Directions:
Would you transcribe exactly the lines from the beginning of the records below through the line with "The next topic", both included, omitting the pictures?

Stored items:
"""

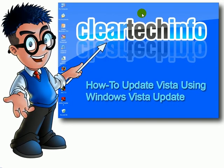For more tutorials, tips, tricks and advice on computers and technology, go to cleartechinfo.com.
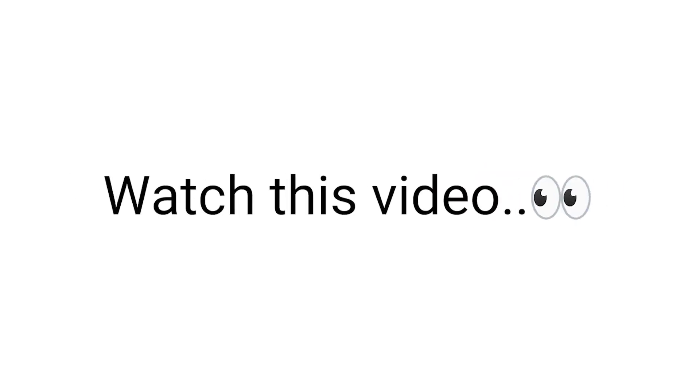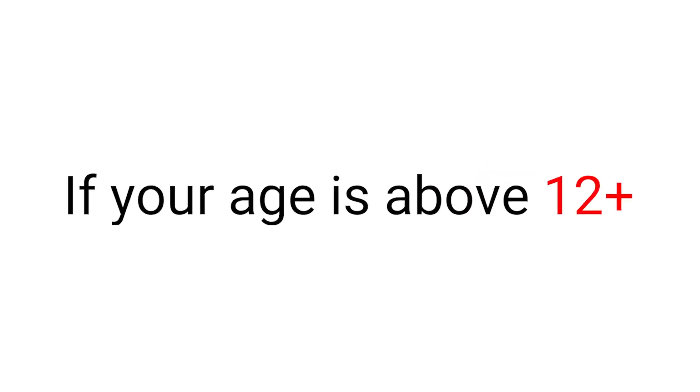Yes guys, watch this video if your age is above 12. You heard it right, kids can't watch this video, but why?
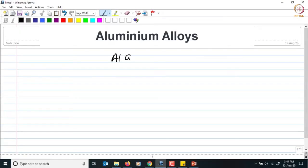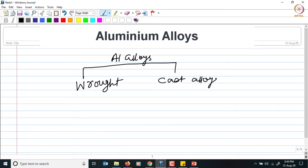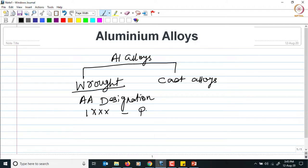When you talk about aluminium alloys, there are basically two categories. One is the wrought alloy and the other one is the cast alloys. This part we have already discussed in the last class — the different aluminium association designations, which we call the AA designation. We have seen starting from the 1000 series, which basically belongs to pure aluminium, and alloys going from 2000 all the way to 8000.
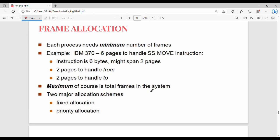The next topic is frame allocation, which will be covered in the next video. Please subscribe and share with your friends. Bye.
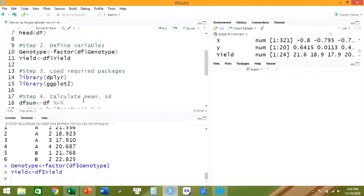The next step, we need to load the required packages to draw the graph. We need two different packages: dplyr and ggplot2. We use library() to load the packages. If the packages haven't been installed yet, you need to install them first. So we run them.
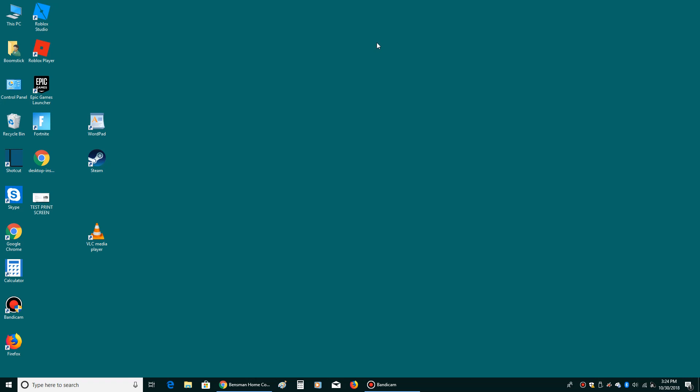Hey everybody, this is Dave Benzman with Benzman Home Computer Repair and today's video is going to be all about security, namely creating secure passwords.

"""

Task response:
For more tutorials, tips, tricks and advice on computers and technology, go to cleartechinfo.com.
Yes guys, watch this video if your age is above 12. You heard it right, kids can't watch this video, but why?
When you talk about aluminium alloys, there are basically two categories. One is the wrought alloy and the other one is the cast alloys. This part we have already discussed in the last class — the different aluminium association designations, which we call the AA designation. We have seen starting from the 1000 series, which basically belongs to pure aluminium, and alloys going from 2000 all the way to 8000.
The next topic is frame allocation, which will be covered in the next video. Please subscribe and share with your friends. Bye.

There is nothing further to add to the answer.